Il existe deux types d’action en responsabilité à l'encontre d’un gérant (article 1843-5 du Code civil) :

-     l’action individuelle qui vise à réparer le préjudice causé à un associé ;

-     l’action sociale qui vise à réparer le préjudice causé à la société.

Dans le premier cas, l’associé doit établir un préjudice personnel distinct de celui subi par la société. Lorsque le préjudice allégué n’est que le corollaire de celui qui atteint la société tout entière, la responsabilité du gérant n’est pas retenue (Cass. civ. 3e ch., 22 septembre 2009 n°08-18483). En application de cette jurisprudence, voir aboutir l’action individuelle d’un associé n’est pas chose courante.

Néanmoins, dans un récent arrêt, la Cour de Cassation vient d’en donner une illustration en condamnant un gérant de société civile de construction-vente (SCCV).

  • L’affaire soumise à la Cour de cassation :

Un gérant, lui-même associé, avait établi des déclarations fiscales non sincères et incomplètes et ce, alors qu’il poursuivait l’activité de la SCCV au mépris des résolutions de l’assemblée générale extraordinaire en ayant décidé la dissolution.

Ces irrégularités fiscales ont conduit au redressement fiscal de la société et par ricochet aux redressements de ses deux associés, lesquels ont chacun écopé d’un rappel d’imposition à hauteur de leur participation respective dans la société, ainsi que de majorations de retard et d’une pénalité de 40% pour manquement délibéré.

Considérant son redressement dû aux manquements du gérant, l’autre associé a assigné ce dernier en réparation de son préjudice.

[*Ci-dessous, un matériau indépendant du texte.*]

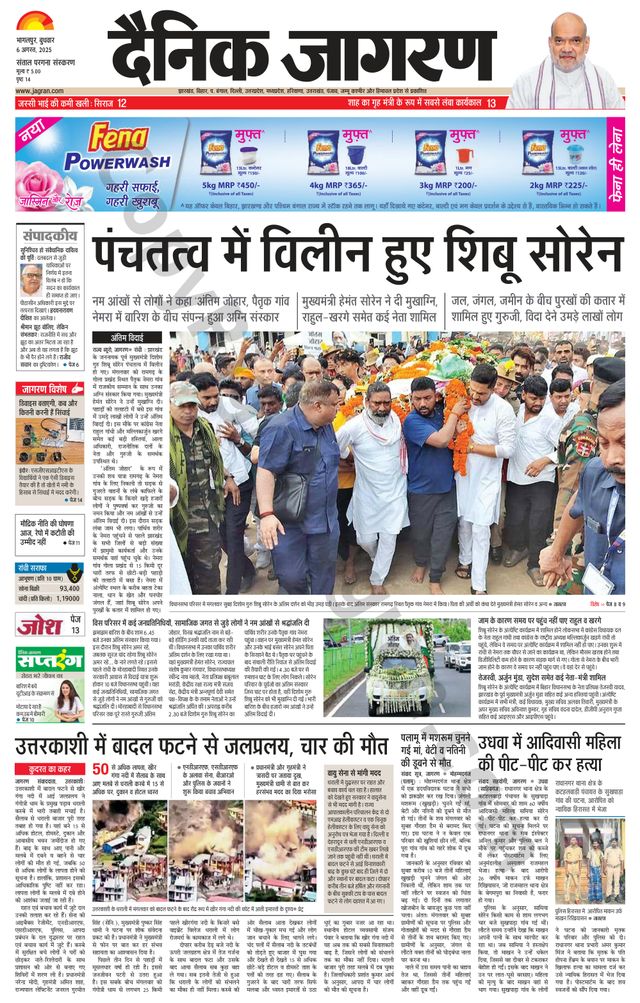 मैगज़्टर गोल्ड के साथ असीमित हो जाओ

Il a été fait droit à sa demande : les juges ont relevé l’incurie du gérant et l’ont condamné à verser 33 998 € en réparation d’un préjudice financier, à savoir l'application des pénalités et intérêts de retard, et 5 000 € en réparation d’un préjudice moral, à savoir la nécessité de trouver rapidement une solution de financement.

La Cour de cassation valide la condamnation du gérant : l’associé a bien subi un préjudice personnel qui, sans se confondre avec celui de la société, est en lien direct avec les fautes du gérant (Cass. civ. 3e ch. 12 mai 2021, n°19-13942).

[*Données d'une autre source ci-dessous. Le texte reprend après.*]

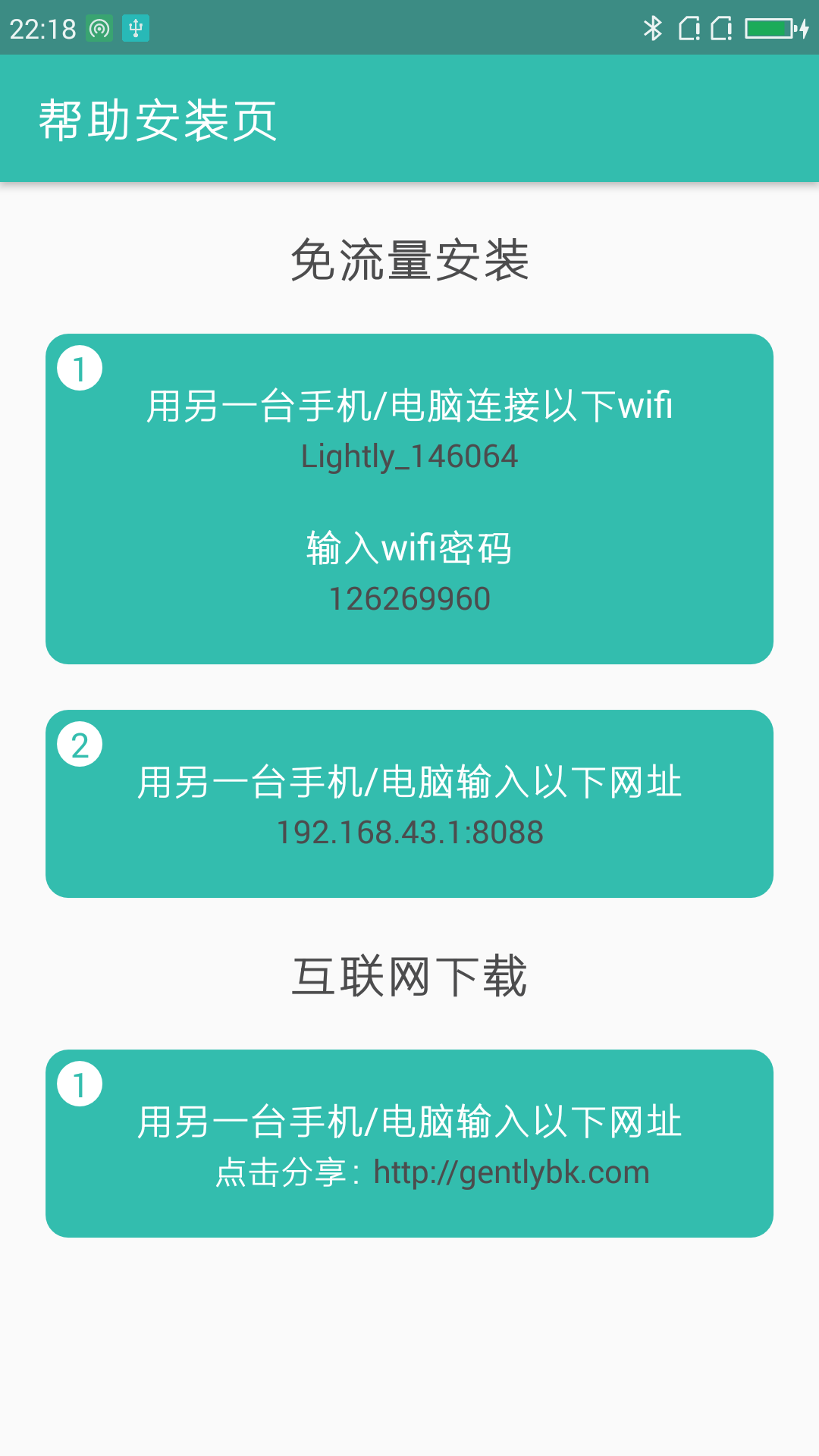 轻轻备份 v1.2.0截图4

  • Une solution transposable aux sociétés soumises au régime fiscal des sociétés de personnes :

La solution retenue intervient dans le cadre d’une société civile de construction-vente dont le résultat fiscal est déterminé au niveau de la société mais l'impôt acquitté par les associés à hauteur de leurs droits dans la société. Ce régime fiscal met donc à la charge personnelle des associés les éventuels intérêts de retard et pénalités.

Par analogie, la solution devrait trouver à s’appliquer à toutes les sociétés soumises au régime fiscal des sociétés de personnes similaire à celui des SCCV, notamment les SCI dès lors qu’elles n’ont pas opté pour l’impôt sur les sociétés ou n’en sont pas redevables de droit.